(Source records)
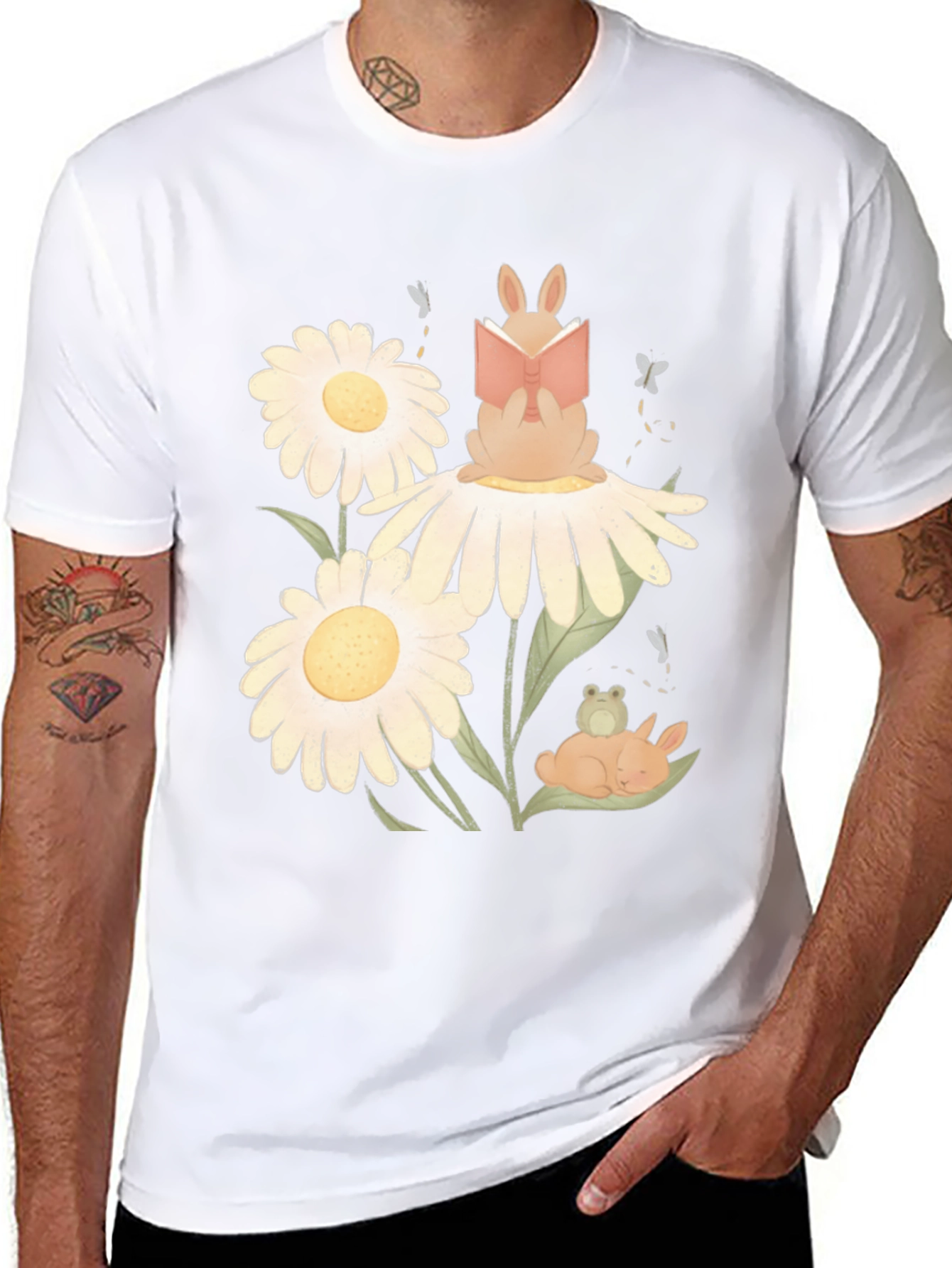 Black Whimsical Reading Bunny Graphic Tee view 8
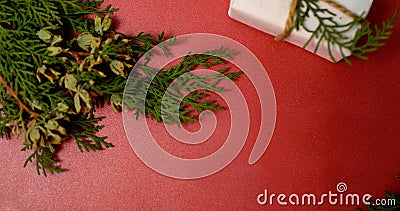 Christmas tree, boxes with gifts, on a red background. mockup christmas 2020 and new year 2021 concept Stock Photo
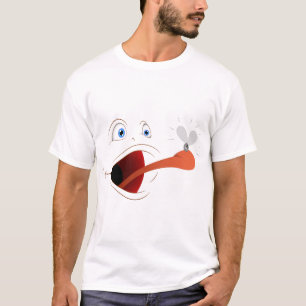 Men's Cartoon Face Tongue Attack on Fly T-Shirt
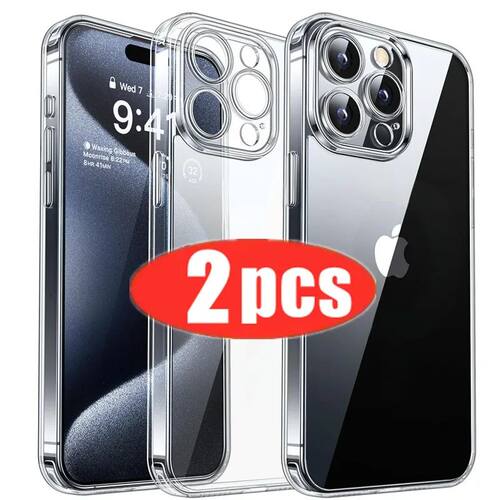 2Pcs New Clear Phone Case For iPhone 16 15 14 13 12 11 Pro M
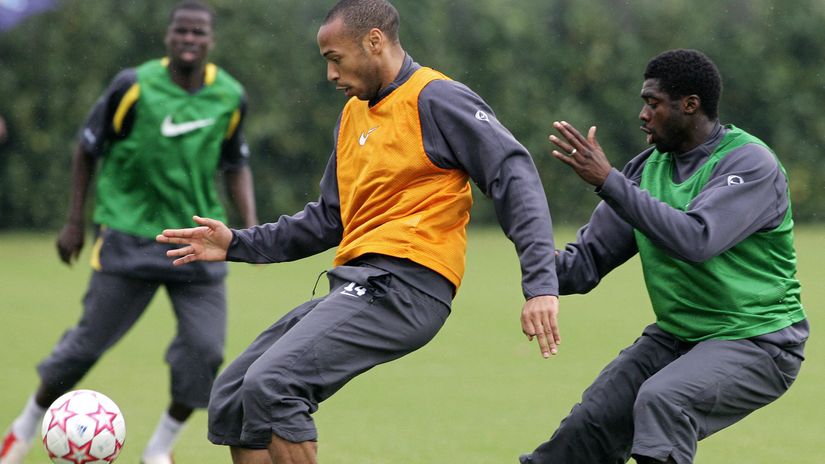 Toure’s hilarious two-foot tackle on Wenger, Henry and Bergkamp at his Arsenal trial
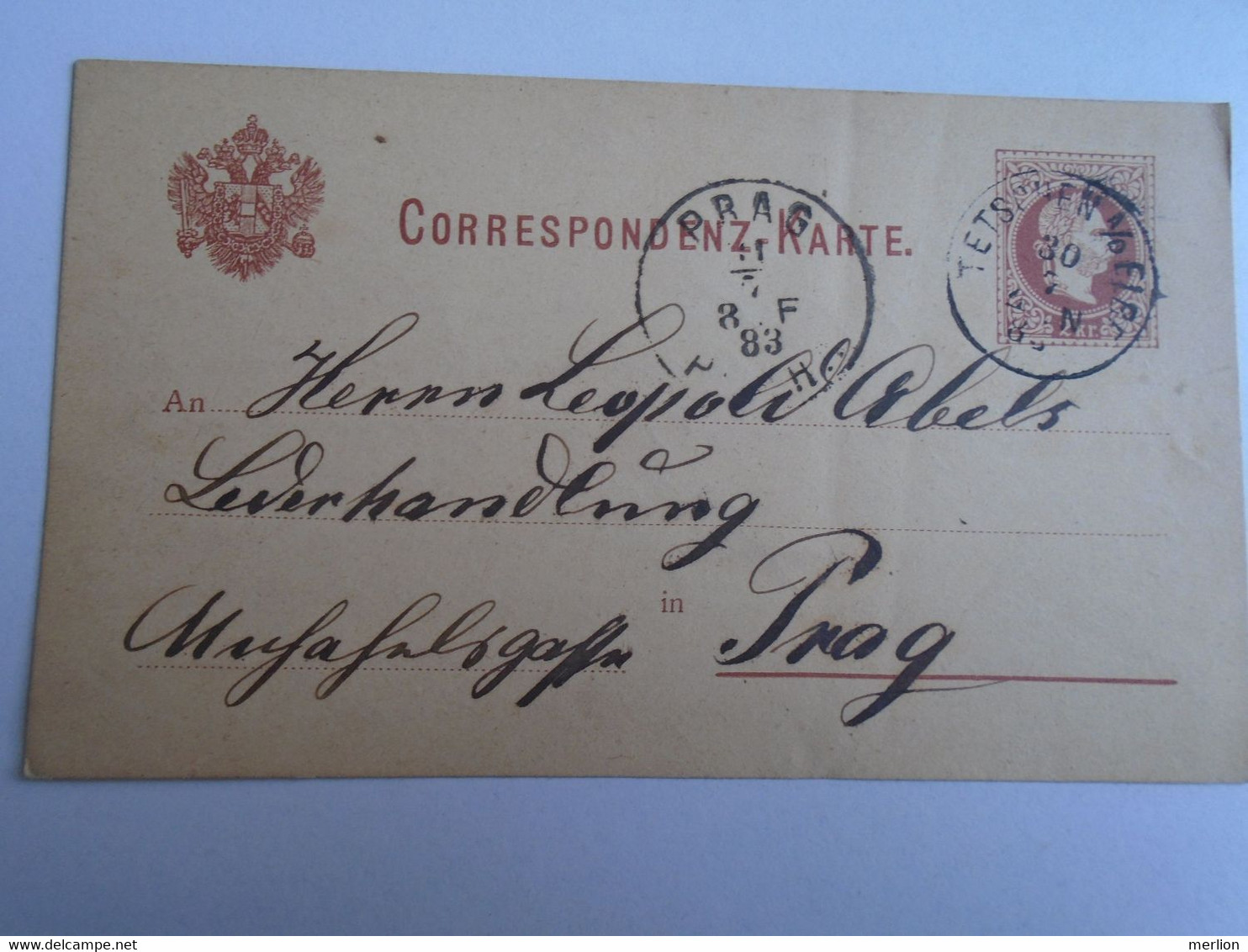 D191556  Postal Stationery - Czechia Cancel  Děčín Tetschen An Der Elb1883 -sent To Prag  Praha Bohemia  -Leopold Abeles - ...-1918 Vorphilatelie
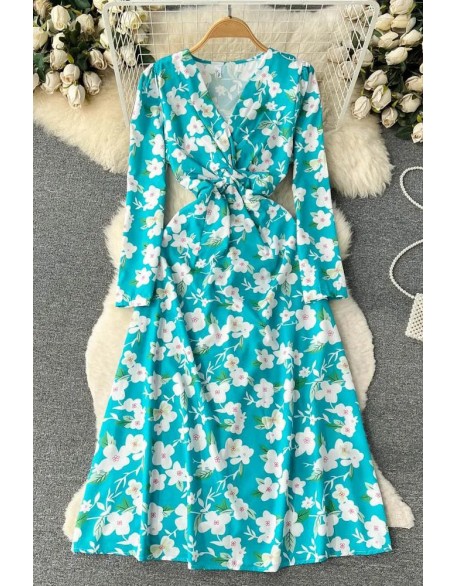 Fashion Floral Print Full Sleeve Long Dress Women Elegant High Waist A-line Party Dress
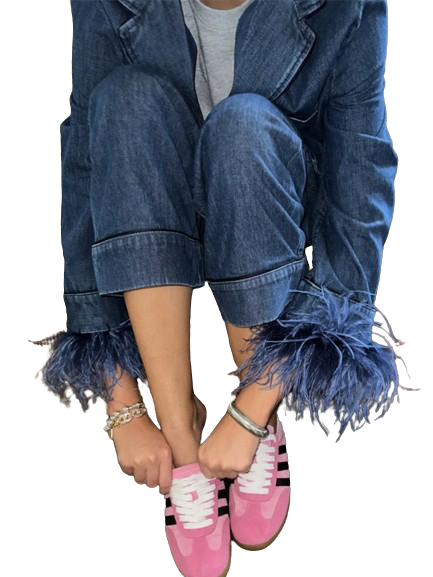 Blue Ostrich Feather Top and Pants Set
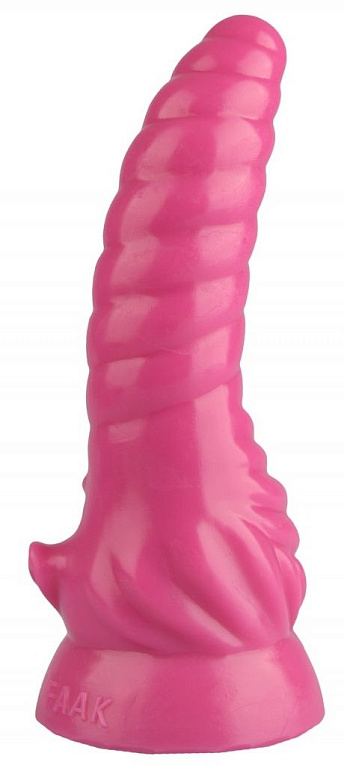 Розовая рельефная винтообразная анальная втулка - 20,5 см.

Assignment:
Set down exactly the lines running from the beginning of the entries above to the line that contains "2Pcs New Clear", including both, and leave out pictures.

Reply:
 Black Whimsical Reading Bunny Graphic Tee view 8
 Christmas tree, boxes with gifts, on a red background. mockup christmas 2020 and new year 2021 concept Stock Photo
 Men's Cartoon Face Tongue Attack on Fly T-Shirt
 2Pcs New Clear Phone Case For iPhone 16 15 14 13 12 11 Pro M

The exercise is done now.